La multinationale Orange ferait donc mieux de revoir sa copie au chapitre « investissement en France » si elle veut garder sa position de leadership en quelque secteur que ce soit. S’arc-bouter sur la 4G n’y suffira pas. Il faut embaucher des permanents et investir.
Le député Mr Saulignac a raison. 2021 démarre donc par le regroupement de témoignages et l’interpellation contiguë de l’Arcep et de la Commission Européenne avec laquelle elle est appelée régulièrement à interagir.
En écho à mes articles précédents dans Le Crestois, en écho à notre « colère » relayée par notre députée Mme De Lavergne dans de nombreux médias.
En écho aux élus locaux et parlementaires du Gard, de la Corse, de la Lozère, de l’Ardèche et de la Haute-Loire, etc, qui nous rejoignent, et ce n’est pas fini.
En écho aux habitants d’Eygluy-Escoulin qui ont bien l’intention de rester au-dessus du radar en 2021 tant que la question du fil cuivre ne sera pas discutée, car nous sommes toujours enclins à discuter, et le café sera toujours proposé aux techniciens quand ils viendront.
Alain Delforge
Il n’y a donc plus de cours de droit ni d’histoire à l’ENA ? En 1960 la ligne téléphonique était un droit transmissible par héritage, au même titre qu’un caveau de famille. Apparemment pour le téléphone cela s’est (discrètement) arrêté et nos énarques ont remplacé de dispositif par un autre plus lucratif : la ligne n’est plus transmise (elle n’est même plus réparée) et il ne reste aux héritiers qu’à honorer les prélèvements.
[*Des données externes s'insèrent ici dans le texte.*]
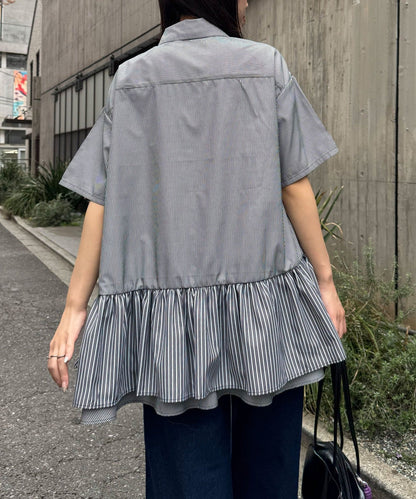 [短袖Ver] CIAOPANIC 多層束腰襯衫裙連TIE - Image 132
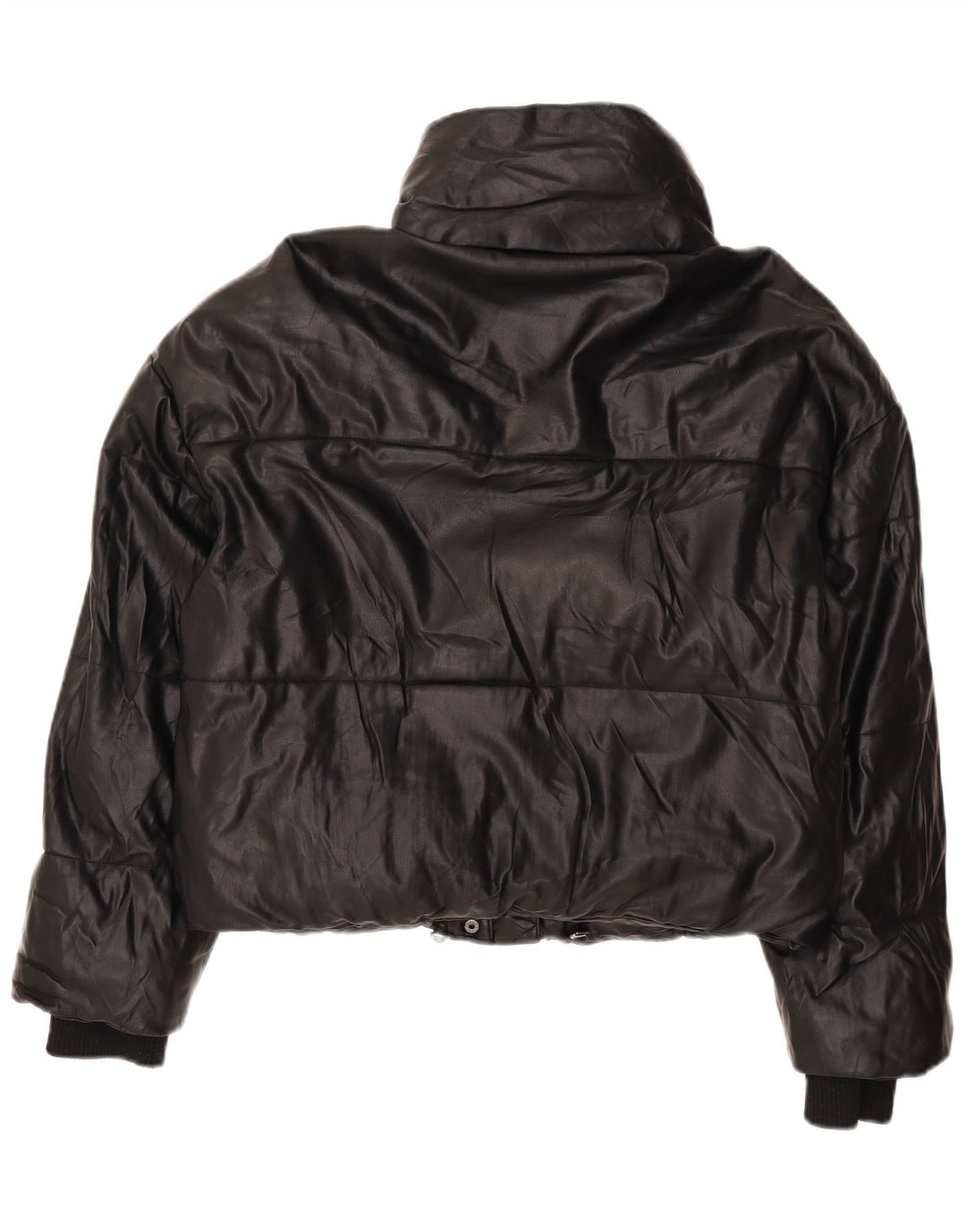 Zara Womens Oversized Padded Jacket UK 6 XS Black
Autrement dit, pas de dépenses, rien que des recettes. Autre temps, autres moeurs…..
Mais je me demande si ceci est bien légal et même si c’est conforme à la constitution puisque la République, c »est-à-dire nous, possède 23 % du capital d’Orange.. Comment le PDG d’Orange peut-il se permettre d’envoyer au bain son actionnaire de référence ?
Il est vrai qu’en 1960 Stéphane RICHARD président d’Orange, et Emmanuel MACRON président d’une partie des Français n’étaient pas nés; et au bénéfice du doute ils sont légitimement en droit de dire qu’ils ne savaient pas qu’il y a eu un état de droit en France et qu’ils ne peuvent donc pas en connaître certains aspects.